- **Assigned task**
Make an exact copy, from the records below, of the lines from the line containing "YVONNE STRAHOVSKI at" to the line containing "1x Alufelge 17", both lines included, excluding pictures.

- **Task inputs**
+--

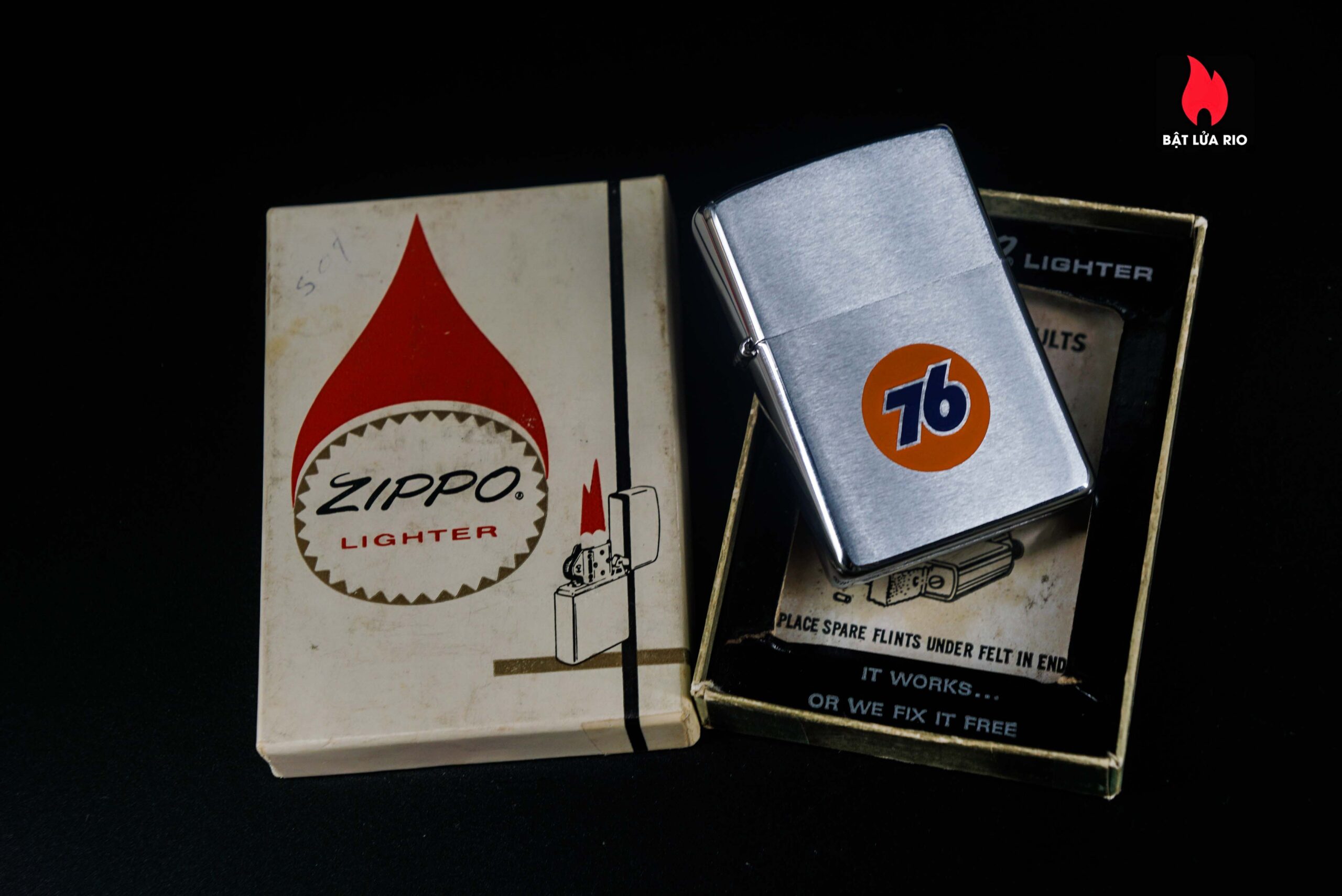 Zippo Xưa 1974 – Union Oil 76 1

+--

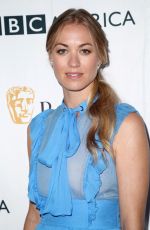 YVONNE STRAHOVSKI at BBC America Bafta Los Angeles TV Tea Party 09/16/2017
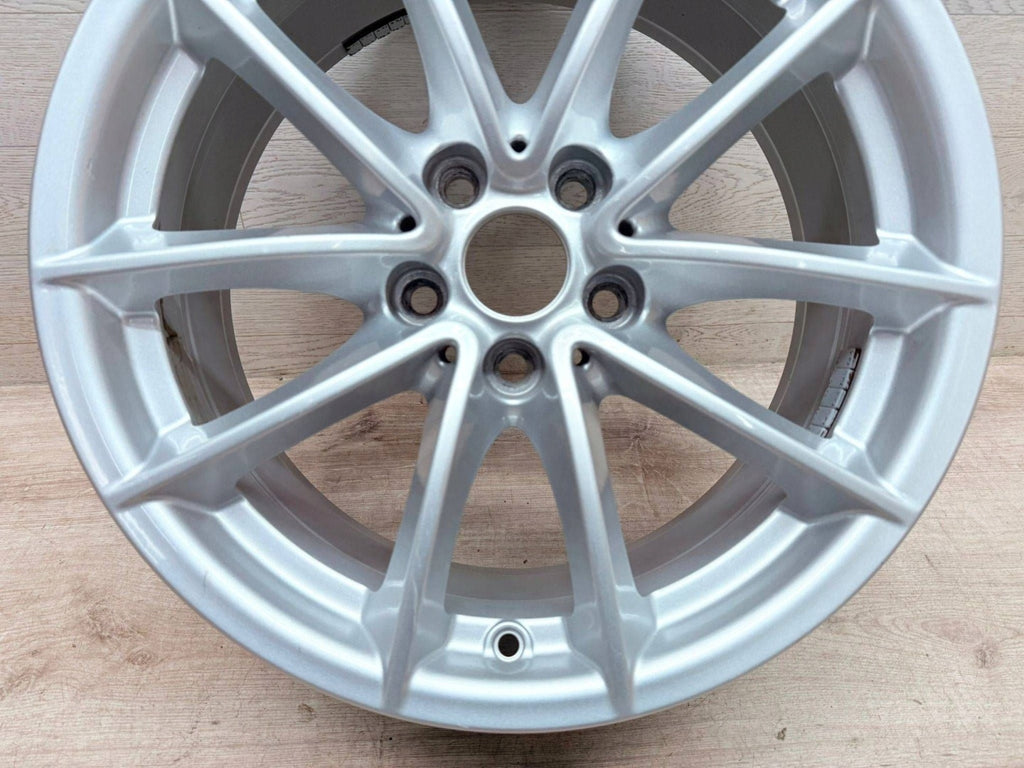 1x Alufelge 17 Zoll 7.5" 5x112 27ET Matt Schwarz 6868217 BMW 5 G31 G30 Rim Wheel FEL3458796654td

+--

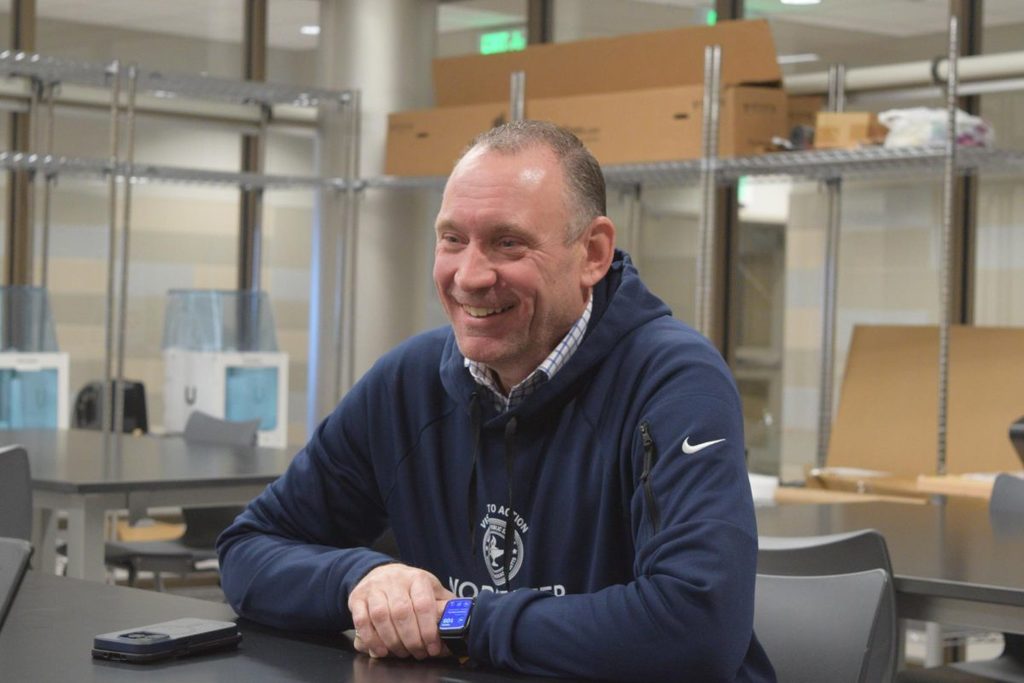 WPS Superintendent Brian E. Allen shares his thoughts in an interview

+--

- **Result**
 YVONNE STRAHOVSKI at BBC America Bafta Los Angeles TV Tea Party 09/16/2017
 1x Alufelge 17 Zoll 7.5" 5x112 27ET Matt Schwarz 6868217 BMW 5 G31 G30 Rim Wheel FEL3458796654td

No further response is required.